It’s all about the sun lotion.
In Aftersun, the debut feature from writer-director Charlotte Wells, a divorced father (Paul Mescal) takes his 11-year-old daughter Sophie (Frankie Corio) on a holiday to a resort in Turkey, where we see sun lotion applied to skin multiple times: out of affectionate duty, on the father’s part, to Sophie’s back; then later, between a couple on a boat as a form of sensual flirtation, while Sophie curiously watches. Toward the end of the film, when the father reminds Sophie at the pool that she needs more lotion, she insists on doing it herself. So much has changed since they first arrived—for him, for her, for the world.
There is a time, probably somewhere around 11, when your kid no longer wants to hold your hand. It’s inevitable, understandable, and devastating. Aftersun captures the full weight of this experience. Sophie and her father continue to have a lively, rich relationship—the movie fairly quickly dispels any early concerns about abuse that viewers might have—but their dynamic shifts significantly over the course of the vacation, as Sophie learns a number of things about adulthood, including her father’s struggle to survive it.
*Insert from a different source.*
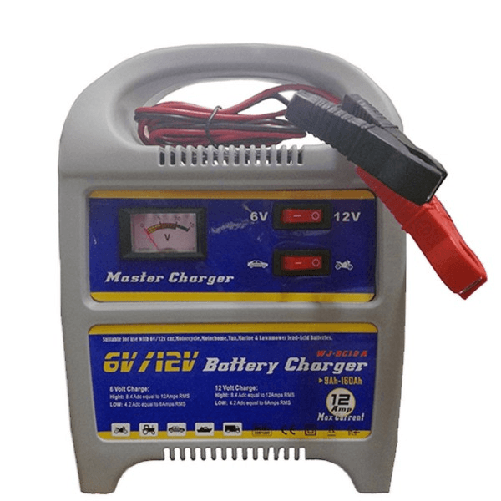 Trade Shop Traesio-carica Batterie Portatile Per Auto Moto Barca Camper 12v 8 Ampere Carica Starter -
It’s clear from the opening scene that Aftersun is being told from the point of view of Sophie as an adult (Celia Rowlson-Hall), as she scours video footage from that trip, trying to fully understand what transpired. Wells and editor Blair McClendon incisively weave those home-movie snippets with straightforward, third-person scenes of the time in Turkey, as well as first-person moments from the young Sophie’s point of view (in which the camera often drifts away from the father’s face, as memories do). Then there are occasional, jarring flashes to the adult Sophie on a strobe-lit dance floor, a motif that will be crucial to the film’s shattering ending.
Mescal, also quite good in this year’s God’s Creatures, effortlessly shifts among the roles a father of an 11-year-old must play: caregiver, friend, mentor, rule enforcer. Corio, a novice, has the sort of unconscious ease that every good child performance needs, as well as a subtle self-awareness that is crucial to this particular role. And together, they’re a delight: teasing, caring, sparring—in increasingly momentous ways.
Aftersun succeeds on almost every count; it has a humble score by Oliver Coates that ebbs and flows like a wave, as well as a perceptive use of pop songs from the period (Blur’s “Tender,” R.E.M.’s “Losing My Religion”) that are tellingly distorted and slowed. Perhaps its most impressive achievement is the way the movie subtly, artfully, piercingly but never pointedly hints at the father’s troubled inner state. (At one point a bus violently cuts across the screen just after he crosses the street.) As more of the pieces of the puzzle are revealed, the movie never exploits them. Instead, they fall into place the way memories do. Indeed, the way the best movies do: as revelations that are nevertheless mysterious.